A Look Back at Portrayal of A.I. In Cinema

The titan Prometheus, who stole the fire of gods for humankind, was chained to a rock in mount Caucasus for eternity, where his liver is fed upon daily (which regenerated due to his immortality) by an eagle. Similarly, human history is full of Prometheus-like personalities whose quest for knowledge transgressed boundaries erected by dogmas and superstitions. But 'playing God' was often frowned upon by unambiguous moral parables in literature and cinema. With the advent of Artificial Intelligence (A.I.), humans were repeatedly warned of a dystopian future where robots would rise up to annihilate their masters. Mary Shelley’s Frankenstein was written long before the concept of A.I. or its related dark stories came into play. Yet the fascinating novel warned us of the perils of creating artificial life that lacks the emotionality and intuition of human life. Nevertheless, human understanding of science kept growing manifold to make the bizarre dream-logic of Mary Shelley’s tale into a palpable reality.

In 1942, prolific and popular science-fiction author Isaac Asimov coined The Three Laws of Robotics, forging the pivotal themes for robotic or AI-based fiction. The three laws referred to in numerous books and movies also went on to generate impact upon understanding the ethics of Artificial intelligence.
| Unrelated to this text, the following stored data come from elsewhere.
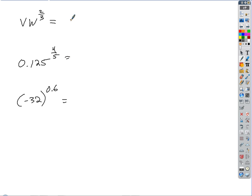So what happens to V? V is to the first power — it just stays V. And the W to the 2/3 becomes the cube root of W squared, or the cube root of W, quantity squared. Either way.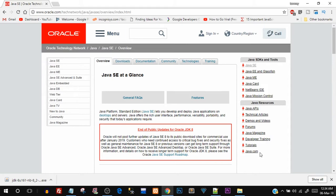Hey, what's going on guys, Tanmay here for Simple Snippets, back with another video tutorial on Java programming. This is the third video tutorial of this Core Java programming playlist. In this video tutorial we are going to be installing the JDK, we will also glance through the NetBeans IDE, and yes, we will be running our first Hello World program in Java.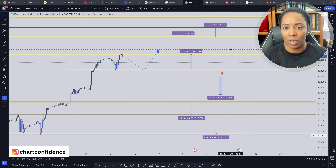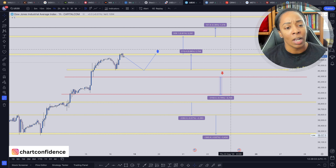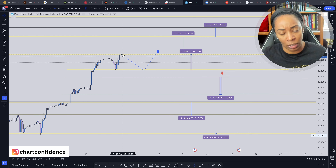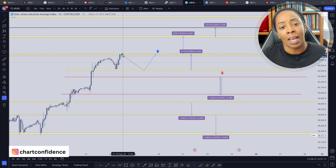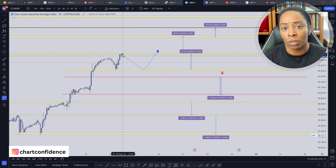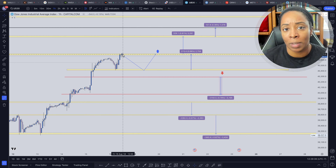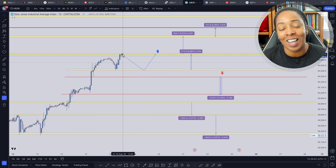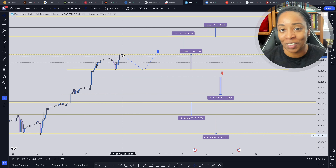So this is essentially my game plan for the upcoming week — very simple, very straightforward. The trend is generally up, so I'm mostly looking for buys. Hopefully you learned something from this particular charting, and good luck in your own trading. I will see you next time.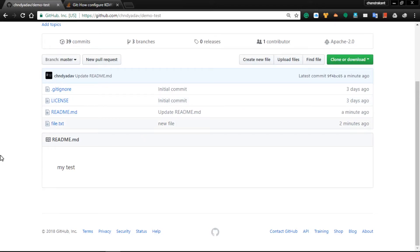Welcome back. In the last video we saw how to use git fetch, how to check out from one branch to another branch, and how to add a file in a new branch. In this video we will learn about pull requests and merge conflicts. Merge conflict means if multiple people are working on the same branch, how to resolve the conflict when merging with the master.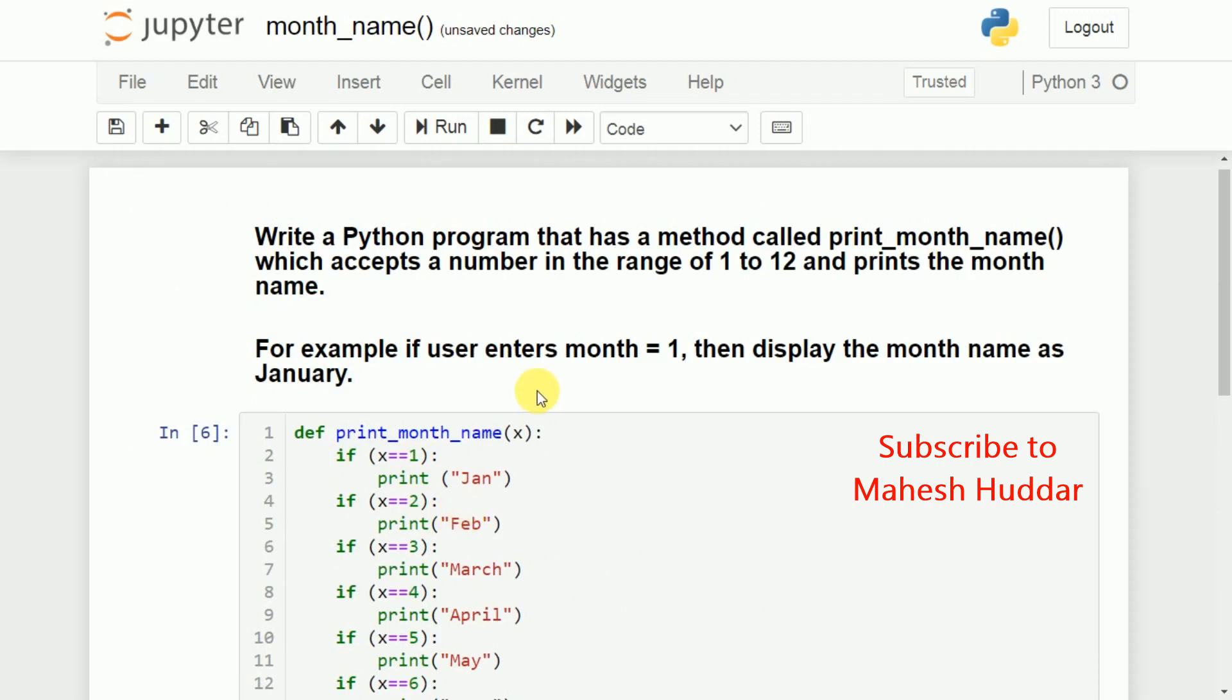I hope the program is clear. If you have any other questions, you can put those questions in the comment box so that I can answer that particular question as early as possible. I hope the concept is clear. If you like the video, do like and share with your friends. Press the subscribe button for more videos. Press the bell icon for regular updates. Thank you for watching.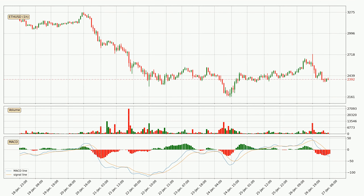Jumping to the hourly MACD, the trend is currently going down because the MACD line is below the signal line. But it's expected for the price to remain the same for some time because the MACD histogram shows that the momentum at the moment is shifting upwards. You should wait and see if the MACD line will cross the signal line, which will be bullish.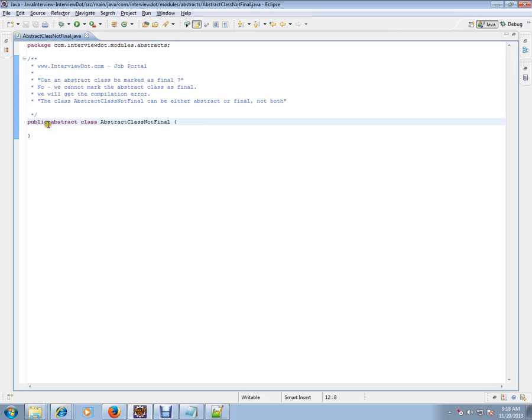It's a very simple Java entry question, but very tricky. Thank you and all the best for your interview.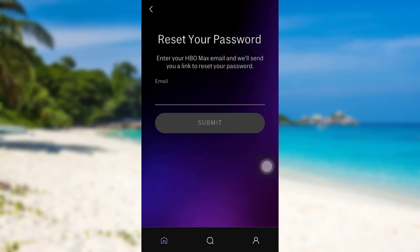Check your mail for further instructions. Then follow all the instructions provided. And finally, you'll be able to reset the password of your HBO Max account.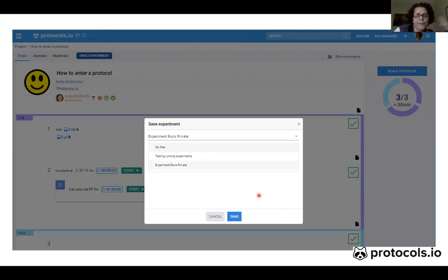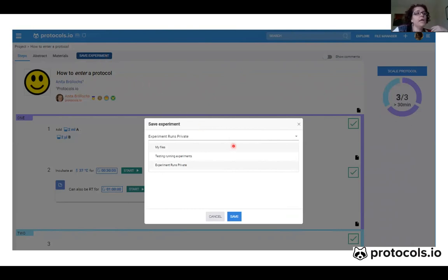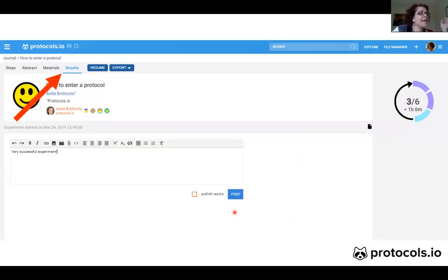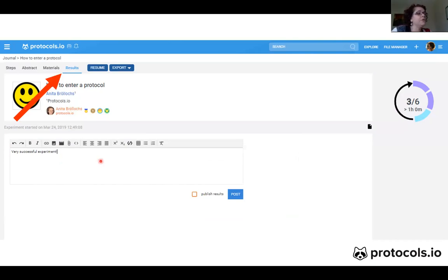After you run a protocol, if you want to remember when you did the experiment and what the result was, you can click Save Experiment. Protocols will ask you where you want to save this run, and then you choose and click Save. After saving, you can go to Results and write a note about what the result was, and everybody in the group can see what was the result of that experiment.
Long before Asimov’s laws, visionary German film-maker Fritz Lang designed the robotic Maria (played by Brigitte Helm) for his ground-breaking expressionist sci-fi Metropolis (1927). The film showcased a semi-utopia where human workers of the underground are stuck in a painful routine in order to ensure that everything above ground is perfect. Furthermore, to maintain the immaculate quality of the Metropolis, the robotic Maria is programmed to repress any societal uprising. Lang’s masterful compositions and rich environment detail naturally served as an inspiration for generations of film-makers.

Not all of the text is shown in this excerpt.